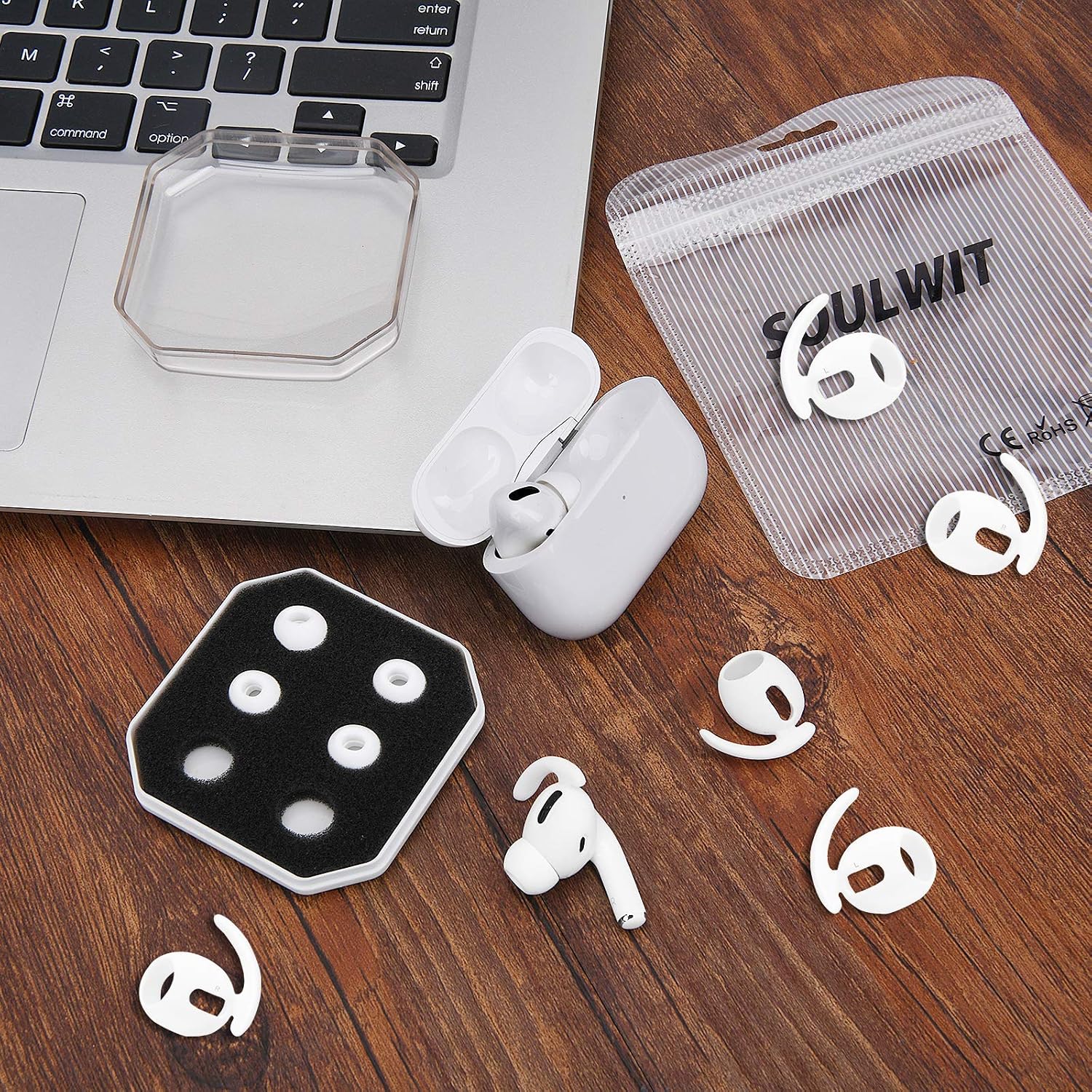 SOULWIT Silicone Ear Tips Earbud Eartips Replacement [S M L] + Ear Hooks Cover with Wings Anti-Slip Compatible with AirPods Pro [3 Pair]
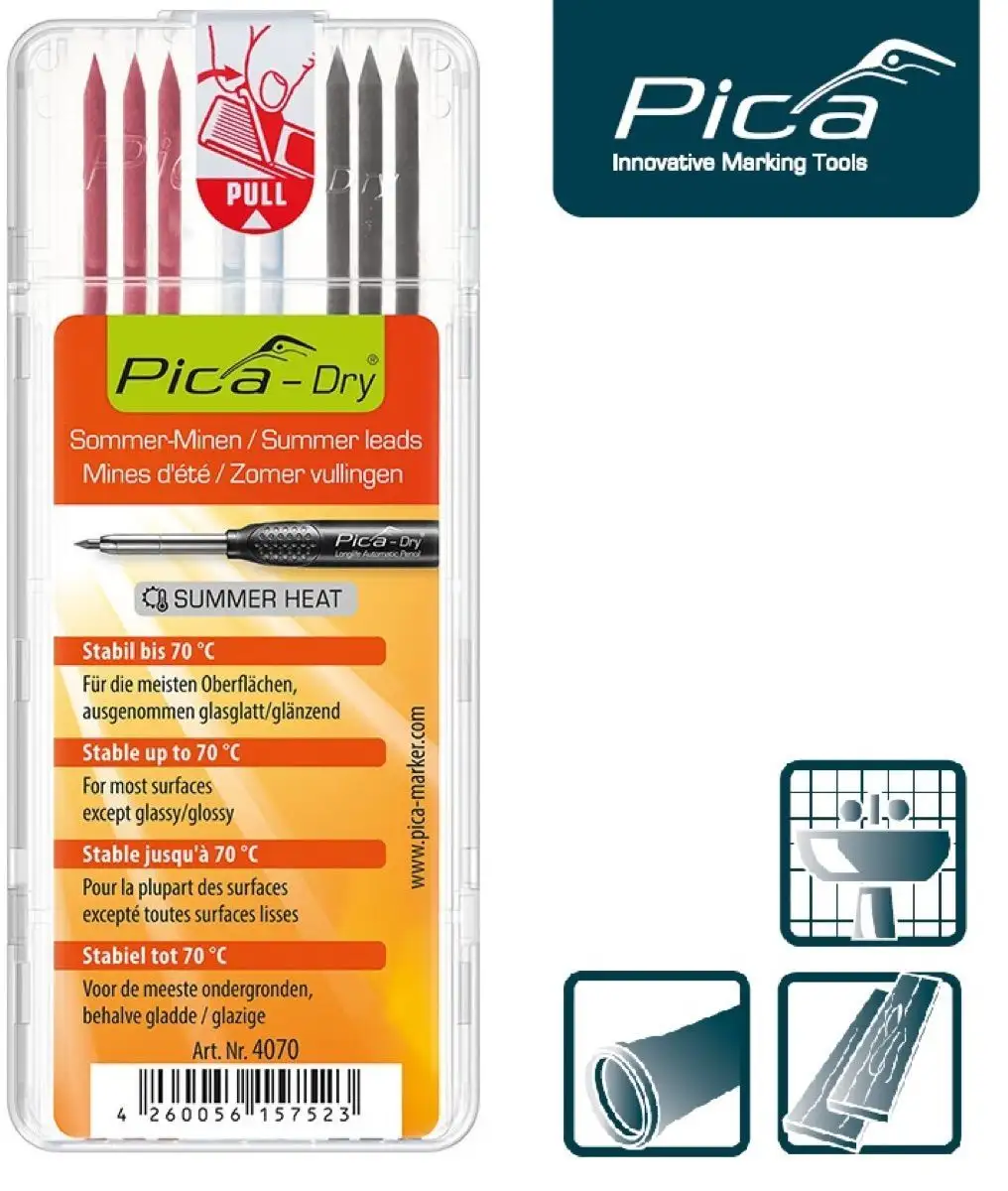 Набор грифелей-стержней Pica DRY Summer leads (красные, белые)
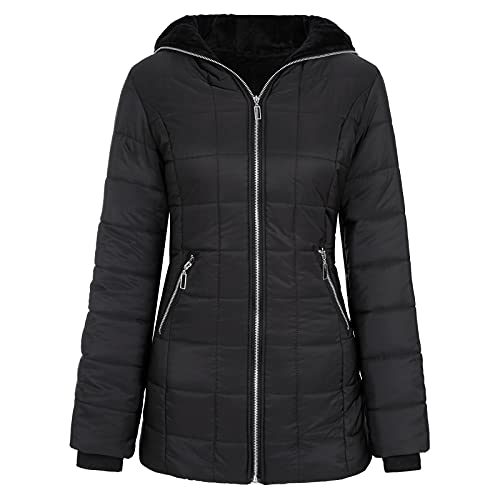 Women Jackets, Dressy Jackets For Women Plus Size Lightweight Long Hoodie Zipper Slim Fit Parka Jacket Women Faux Leather Blazer Womens Jackets Lightweight Casual Black #TOP1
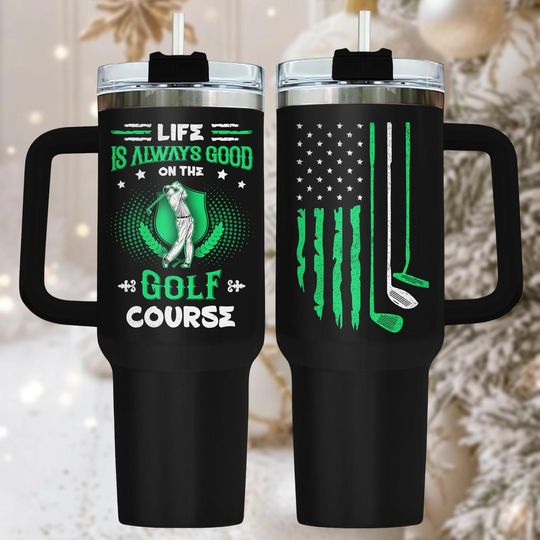 Discover Golf Lover 40oz Tumbler, Engraved Stainless Tumbler With Handle, Sports Drinkware Gift For Him, Christmas Travel Mug, Holiday Gift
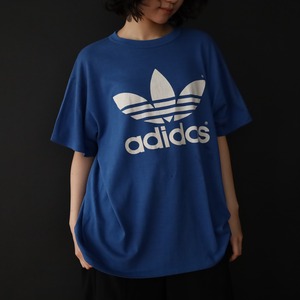 80s' " adidas " over silhouette front & back print design Tee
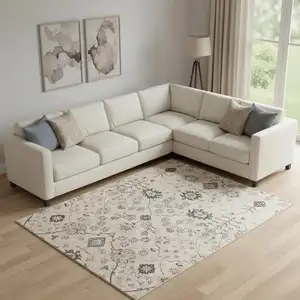 Photo of Blue And Ivory Wool Floral Hand Tufted Area Rug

——————————

*What to do*. Return exactly what appears from the opening line of the material through the line with "Набор грифелей-стержней Pica", apart from the pictures.

*Answer to this problem*.
 SOULWIT Silicone Ear Tips Earbud Eartips Replacement [S M L] + Ear Hooks Cover with Wings Anti-Slip Compatible with AirPods Pro [3 Pair]
 Набор грифелей-стержней Pica DRY Summer leads (красные, белые)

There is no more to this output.